Le mot sensation s'applique à deux sortes de faits que, d'ordinaire, on ne distingue pas suffisamment. II désigne, d'une part, les impressions spéciales produites sur l'esprit par les objets physiques et par leurs diverses propriétés, résistance, chaleur, froid, lumière, odeur, saveur, bruit, etc. ; de l'autre, les phénomènes affectifs du plaisir et de la souffrance. Ces derniers, que nous appellerions volontiers sensations affectives, accompagnent, il est vrai, le plus souvent, les sensations de la première espèce ou sensations perceptives; mais ils n'en sont pas inséparables. Il est tel contact, telle odeur, telle couleur, tel bruit, qui nous laissent indifférents, sans plaisir comme sans souffrance; et, d'un autre côté, nous éprouvons du plaisir et de la douleur, sans que les sens y soient pour rien. Il y a donc bien réellement deux sortes de sensations.
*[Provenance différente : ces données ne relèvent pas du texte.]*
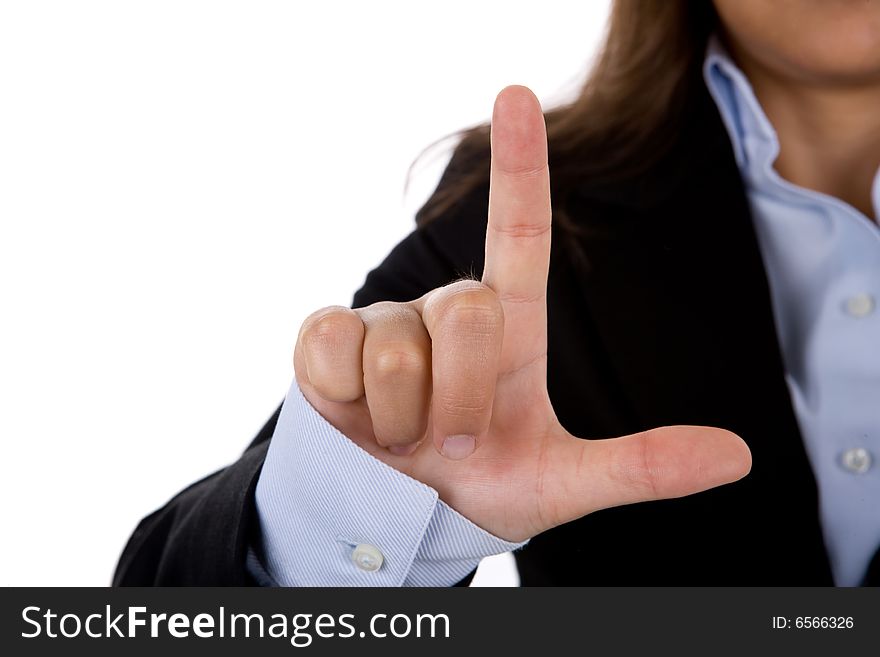 Businesswoman hand sign isolated on white background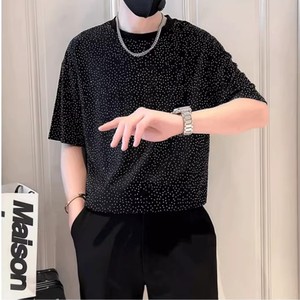 <span class=keywords><strong>Camiseta</strong></span> de Verano Moderna para Hombre, Personalizada, de Manga Corta, 100% Algodón, Tejida, Informal, con Estampado, Agujeros, Pedrería, Transpirable, Corte Holgado - Product Image 1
La réalité des sensations, en tant qu'impressions produites sur nous par les objets extérieurs, ne peut être mise en doute. Odeur, son, saveur, ces phénomènes ne fussent-ils pas autre chose, seraient au moins des modifications internes, perçues par la conscience avec certitude. Leur caractère subjectif est tout aussi incontestable. La sensation est un acte de l'intelligence; mais c'est un acte incomplet et insuffisant pour nous procurer directement la notion de l'extérieur. Mais, ultérieurement, instruits par d'autres voies de l'existence des corps, habitués, par une expérience réitérée, à associer nos sensations soit à l'idée des corps en général, soit à l'idée de certains corps en particulier, nous jugeons que les causes des sensations résident précisément dans les corps à titre de propriétés, et, par une induction si naturelle et si rapide qu'elle en devient presque insaisissable, nous concluons de nos sensations l'existence actuelle, la présence des corps, alors même que nous ne les percevons pas autrement. C'est ainsi que de l'intérieur d'une chambre, et sans avoir besoin de regarder dans la rue, nous inférons du bruit que nous entendons qu'il y passe une voiture, un corps de troupes, etc. 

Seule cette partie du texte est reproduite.